● What you have to do: Transcribe the entries below with complete accuracy, excluding the pictures.

● Data for analysis:
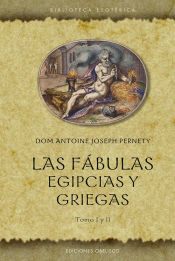 Portada de Las fábulas egipcias y griegas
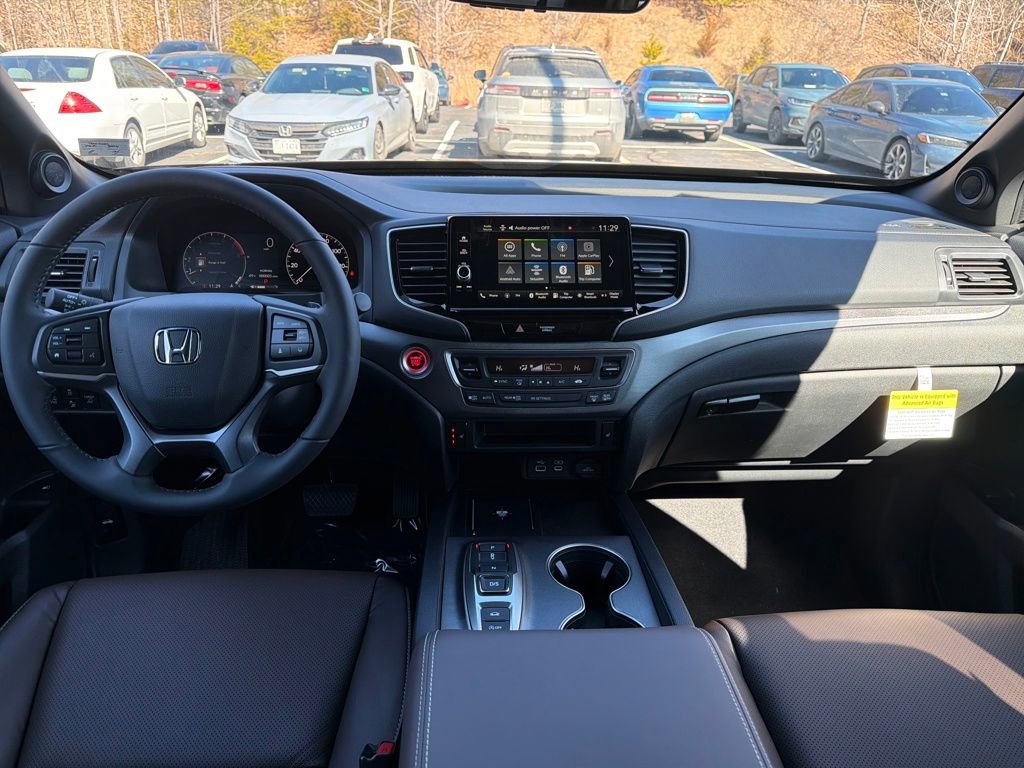 New 2026 Honda Ridgeline RTL image 14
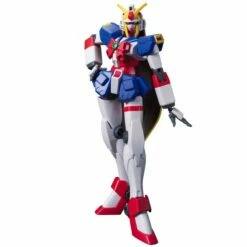 #119 Nobel Gundam "G Gundam", Bandai 1/144 HGFC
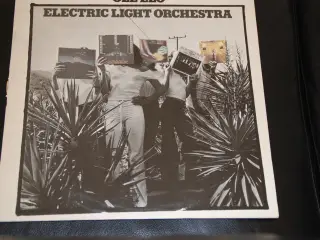 Lp - Electric Light Orchestra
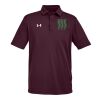 BUCKS CO Under Armour Men's Tech Polo Thumbnail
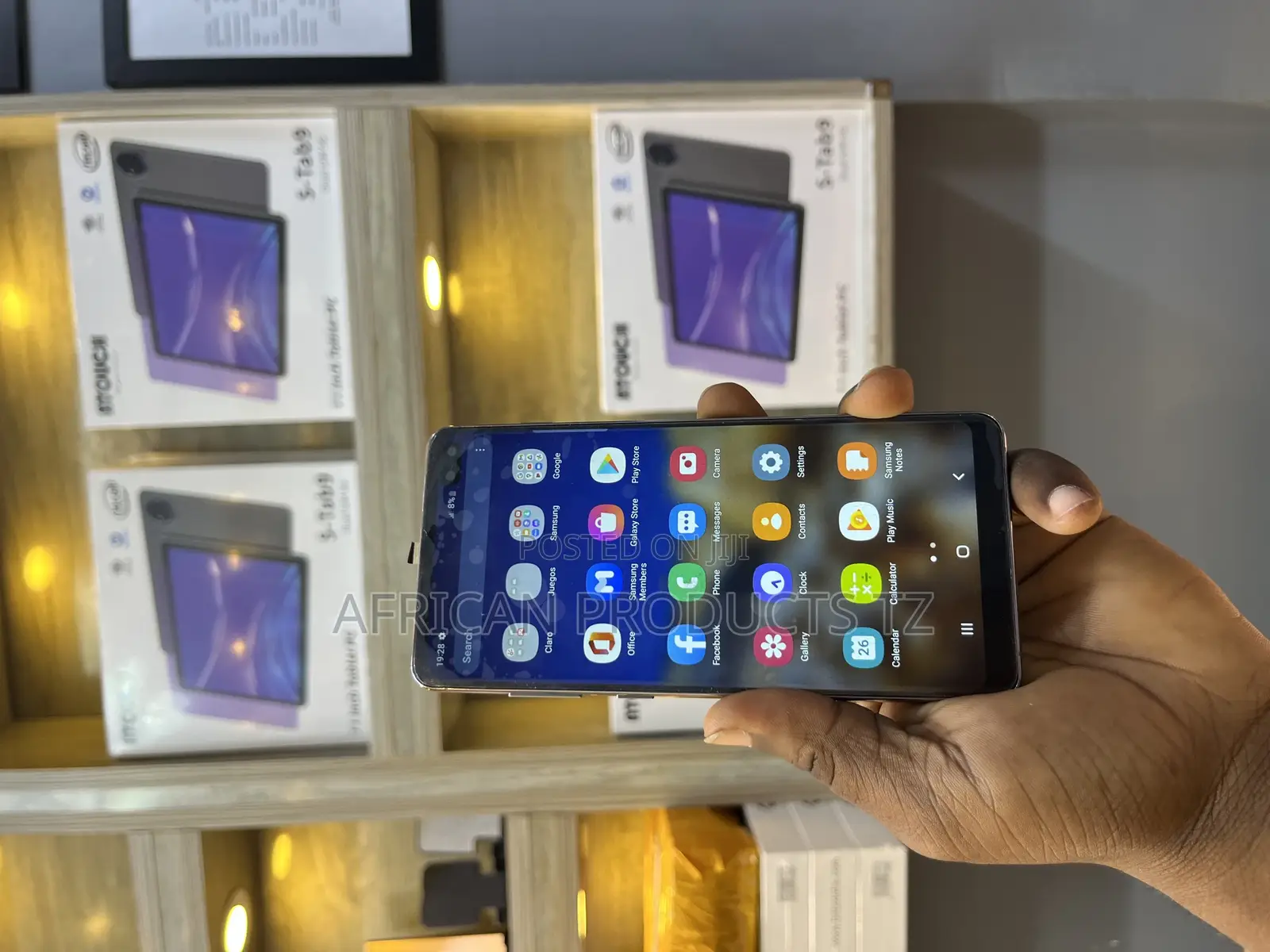 Samsung Galaxy S10 Plus 128 GB White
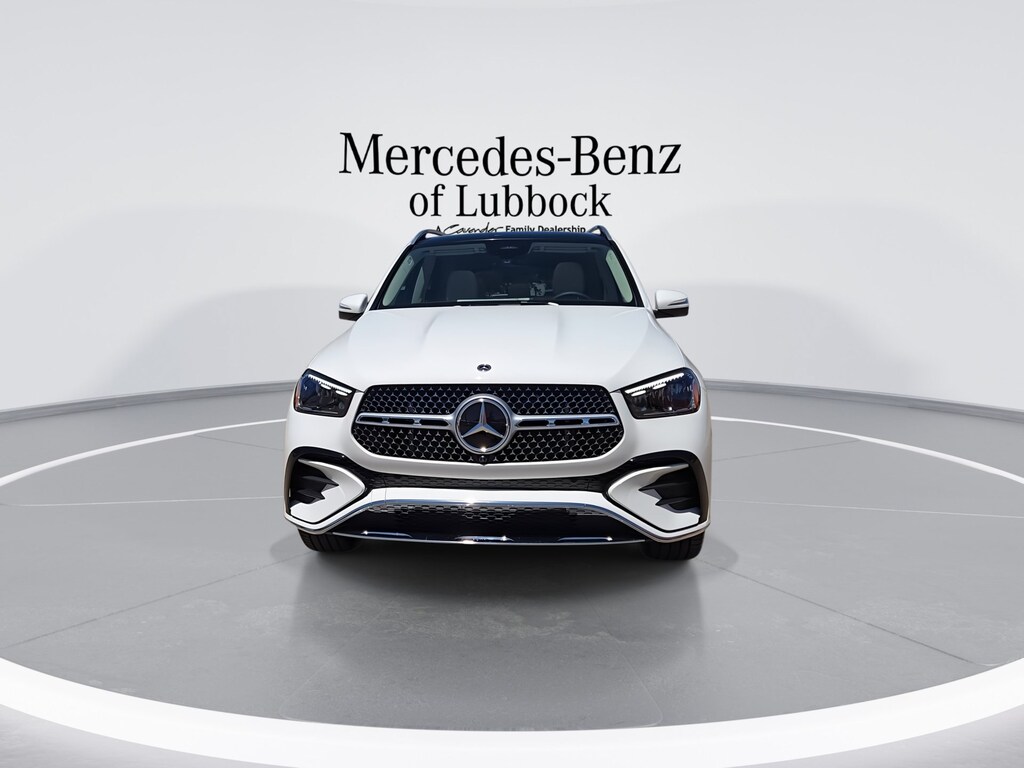 Certified 2026 Mercedes-Benz GLE 450 GLE 450 4MATIC® SUV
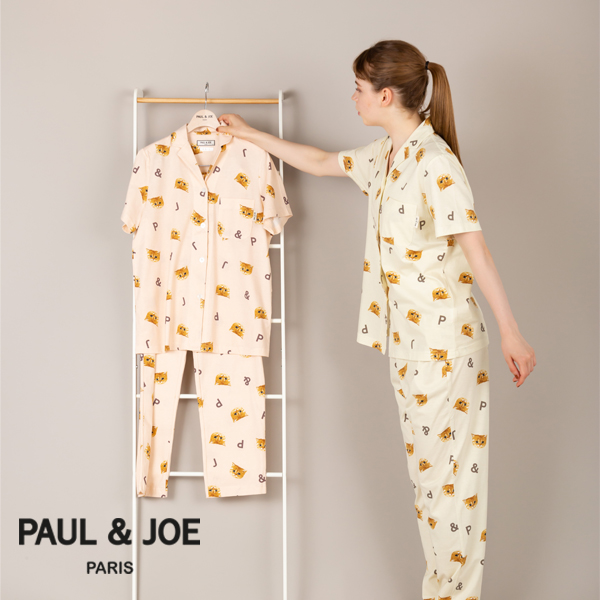 楽天市場】【PAUL&JOE PARIS room wear】ポールアンドジョー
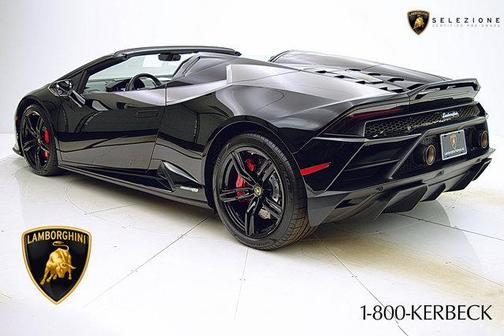 Photo 5 of 41 of 2020 Lamborghini Huracan EVO
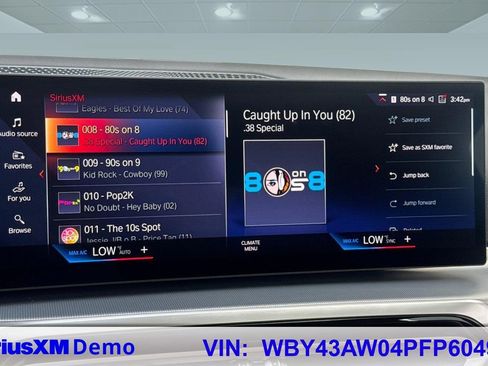 Certified 2023 BMW i4 eDrive35 w/ Premium Package image 35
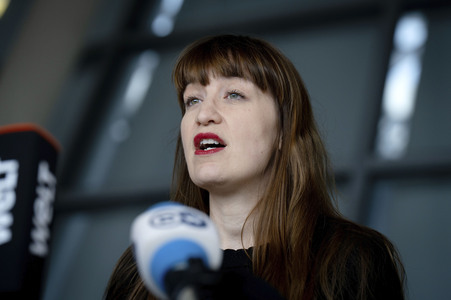 19 Sitzung des Deutschen Bundestages in Berlin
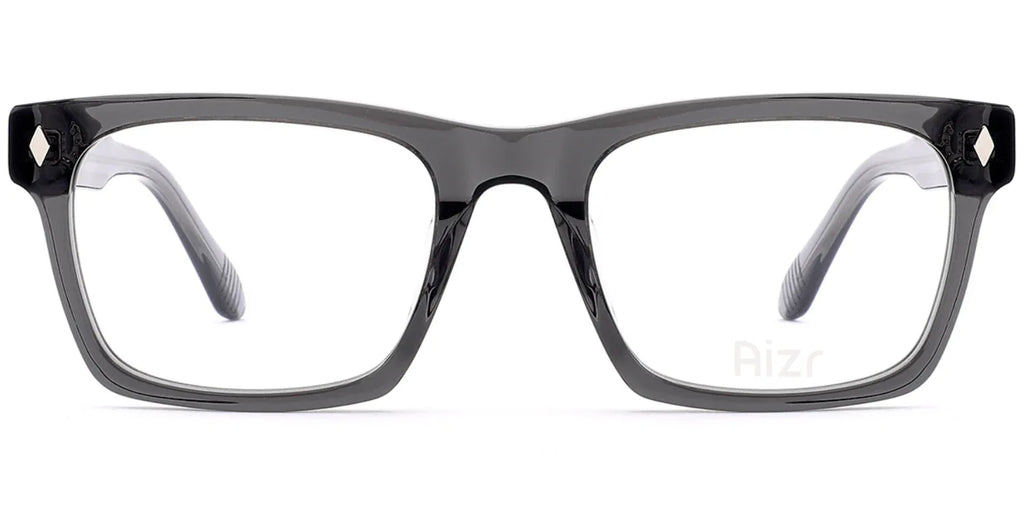 Aizr Acetate Square Frame F8263 - The Optical Company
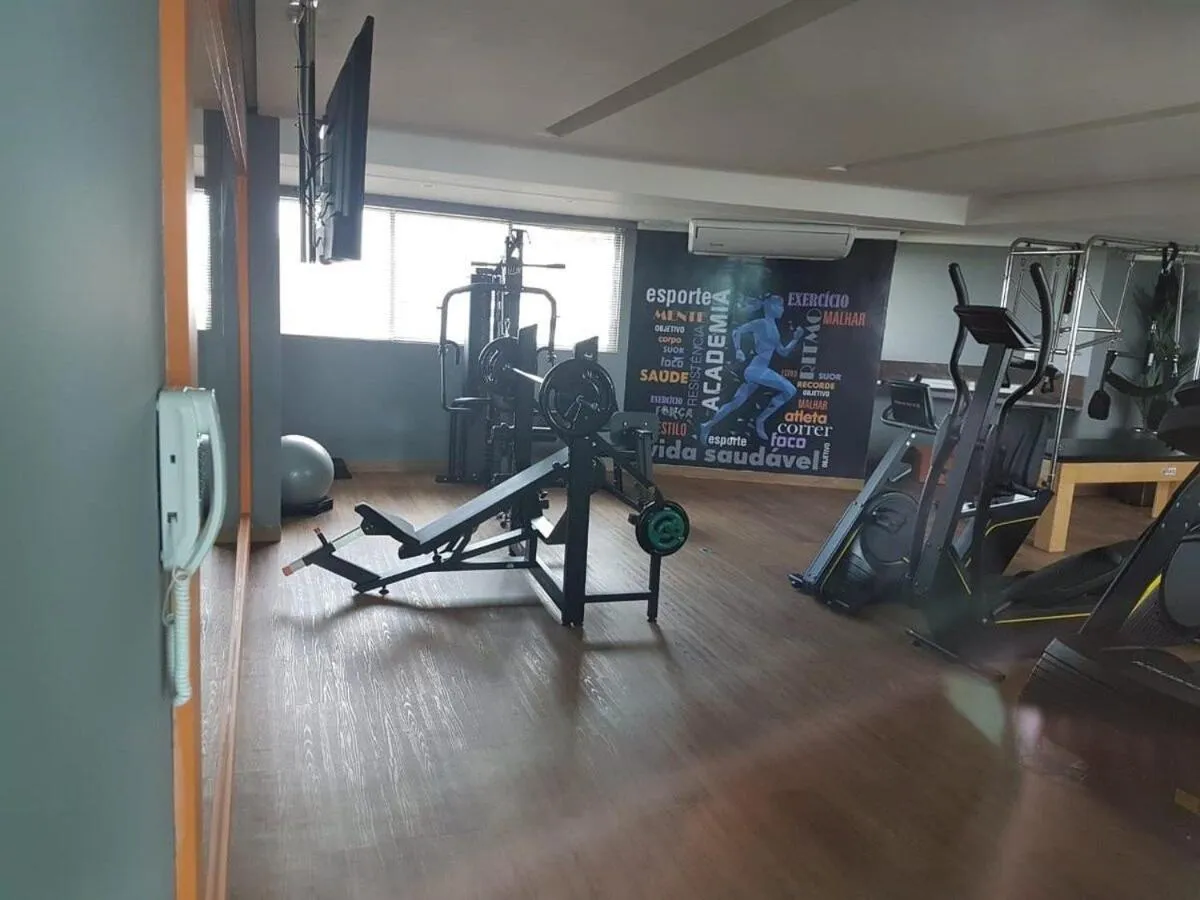 Fitness centre/facilities in Atlântico Norte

● Expected answer:
 Portada de Las fábulas egipcias y griegas
 New 2026 Honda Ridgeline RTL image 14
 #119 Nobel Gundam "G Gundam", Bandai 1/144 HGFC
 Lp - Electric Light Orchestra
 BUCKS CO Under Armour Men's Tech Polo Thumbnail
 Samsung Galaxy S10 Plus 128 GB White
 Certified 2026 Mercedes-Benz GLE 450 GLE 450 4MATIC® SUV
 楽天市場】【PAUL&JOE PARIS room wear】ポールアンドジョー
 Photo 5 of 41 of 2020 Lamborghini Huracan EVO
 Certified 2023 BMW i4 eDrive35 w/ Premium Package image 35
 19 Sitzung des Deutschen Bundestages in Berlin
 Aizr Acetate Square Frame F8263 - The Optical Company
 Fitness centre/facilities in Atlântico Norte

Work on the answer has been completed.